What is expected: Once the pictures are set aside, transcribe each line of the data exactly.

Recorded data:
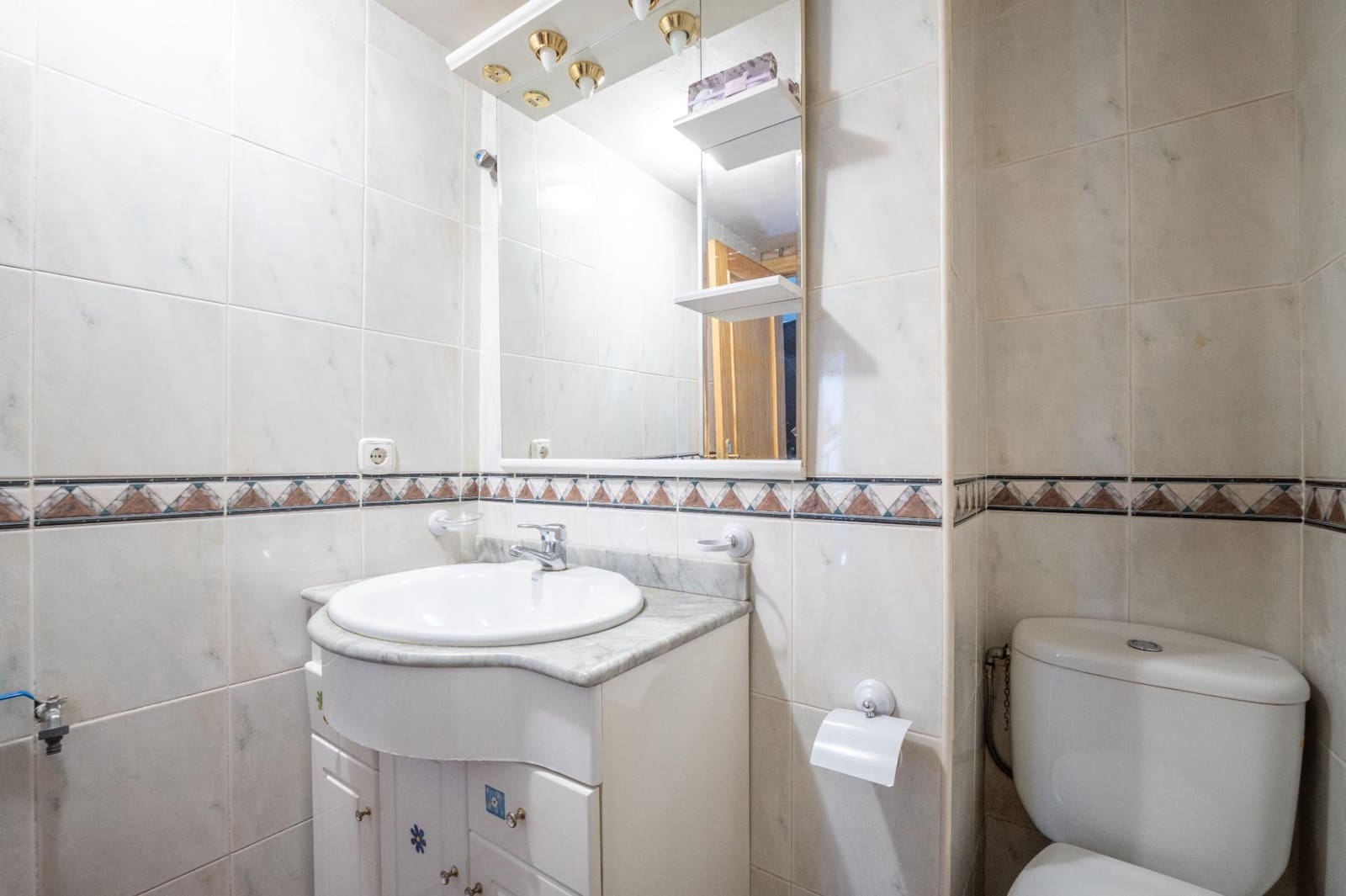 5 sypialnia Willa na sprzedaż w Huetor Vega z basenem garażem - 419 000 € (Ref: 9524448)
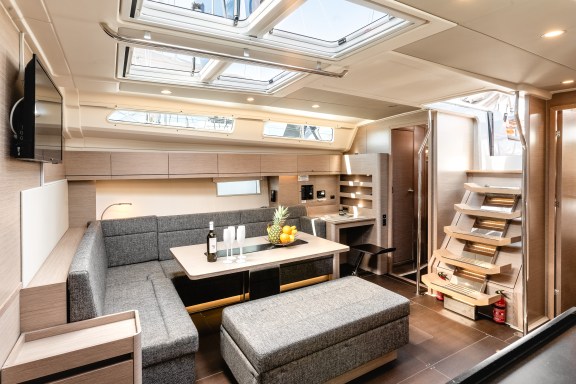 Image of Ladies G yacht #3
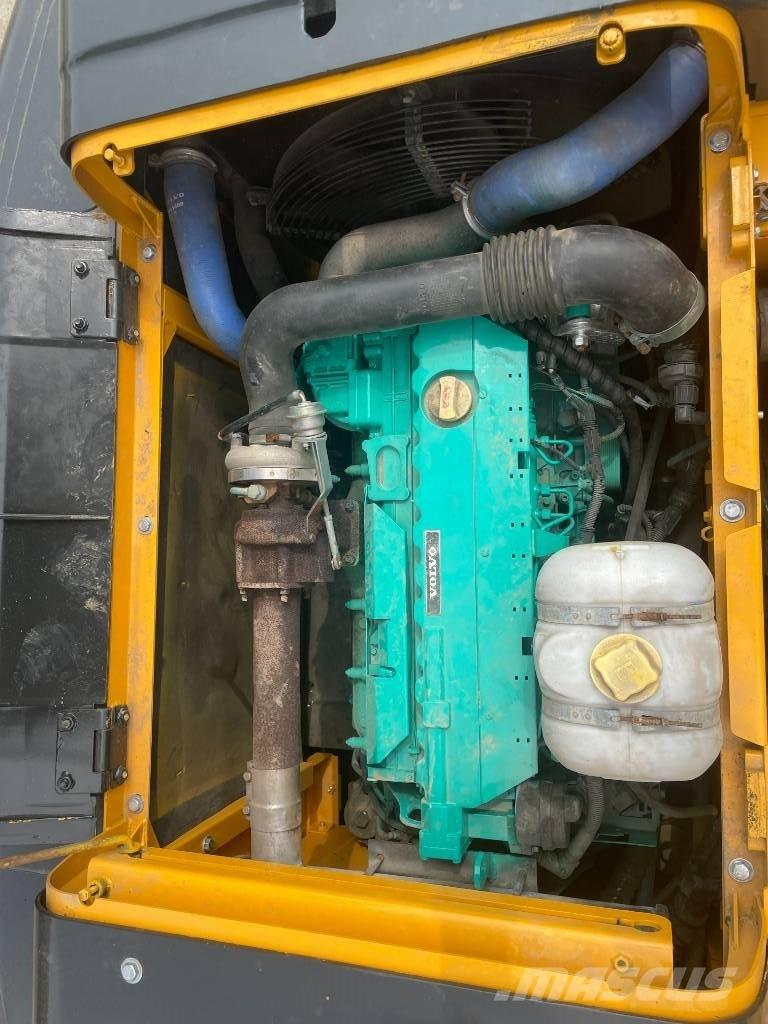 Volvo EC 210 Mini pelle 7t-12t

Solution to the problem:
 5 sypialnia Willa na sprzedaż w Huetor Vega z basenem garażem - 419 000 € (Ref: 9524448)
 Image of Ladies G yacht #3
 Volvo EC 210 Mini pelle 7t-12t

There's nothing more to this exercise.